▸ Information provided:
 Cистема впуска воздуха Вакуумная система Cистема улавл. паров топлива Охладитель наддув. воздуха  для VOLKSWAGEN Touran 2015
...
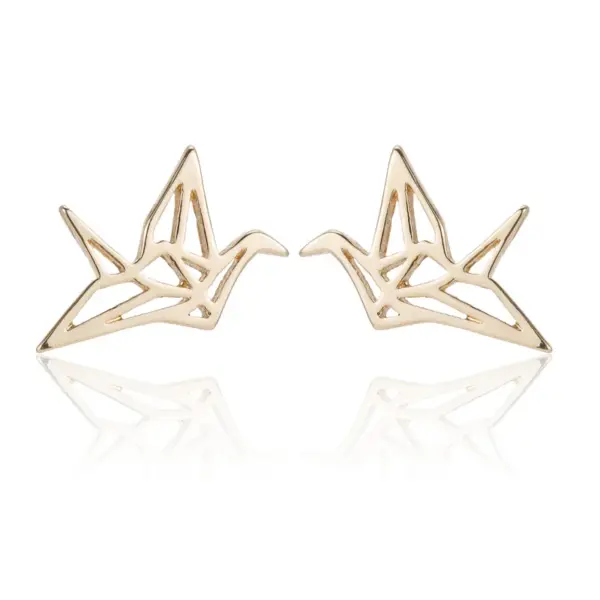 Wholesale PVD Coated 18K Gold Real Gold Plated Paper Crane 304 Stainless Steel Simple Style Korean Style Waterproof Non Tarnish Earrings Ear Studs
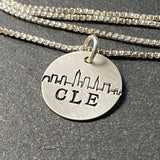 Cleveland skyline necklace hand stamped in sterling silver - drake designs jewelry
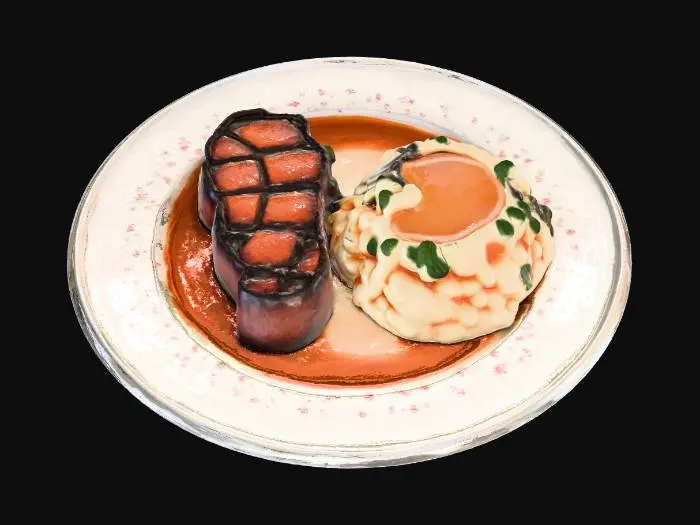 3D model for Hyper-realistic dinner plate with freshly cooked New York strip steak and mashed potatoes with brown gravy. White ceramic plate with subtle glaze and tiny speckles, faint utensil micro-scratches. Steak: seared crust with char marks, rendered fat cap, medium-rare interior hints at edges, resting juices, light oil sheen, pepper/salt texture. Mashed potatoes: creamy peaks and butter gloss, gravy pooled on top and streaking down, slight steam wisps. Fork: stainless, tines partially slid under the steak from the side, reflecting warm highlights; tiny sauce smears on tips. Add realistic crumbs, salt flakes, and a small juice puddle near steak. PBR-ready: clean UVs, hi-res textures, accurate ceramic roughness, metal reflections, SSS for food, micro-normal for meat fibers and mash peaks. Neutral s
...
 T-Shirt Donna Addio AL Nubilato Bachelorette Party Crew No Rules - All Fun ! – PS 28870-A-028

▸ Brief: Within the listing above, write out the stretch from the line with "Wholesale PVD Coated" through the line with "3D model for" exactly. Any pictures are to be left out.

▸ Response area:
 Wholesale PVD Coated 18K Gold Real Gold Plated Paper Crane 304 Stainless Steel Simple Style Korean Style Waterproof Non Tarnish Earrings Ear Studs
 Cleveland skyline necklace hand stamped in sterling silver - drake designs jewelry
 3D model for Hyper-realistic dinner plate with freshly cooked New York strip steak and mashed potatoes with brown gravy. White ceramic plate with subtle glaze and tiny speckles, faint utensil micro-scratches. Steak: seared crust with char marks, rendered fat cap, medium-rare interior hints at edges, resting juices, light oil sheen, pepper/salt texture. Mashed potatoes: creamy peaks and butter gloss, gravy pooled on top and streaking down, slight steam wisps. Fork: stainless, tines partially slid under the steak from the side, reflecting warm highlights; tiny sauce smears on tips. Add realistic crumbs, salt flakes, and a small juice puddle near steak. PBR-ready: clean UVs, hi-res textures, accurate ceramic roughness, metal reflections, SSS for food, micro-normal for meat fibers and mash peaks. Neutral s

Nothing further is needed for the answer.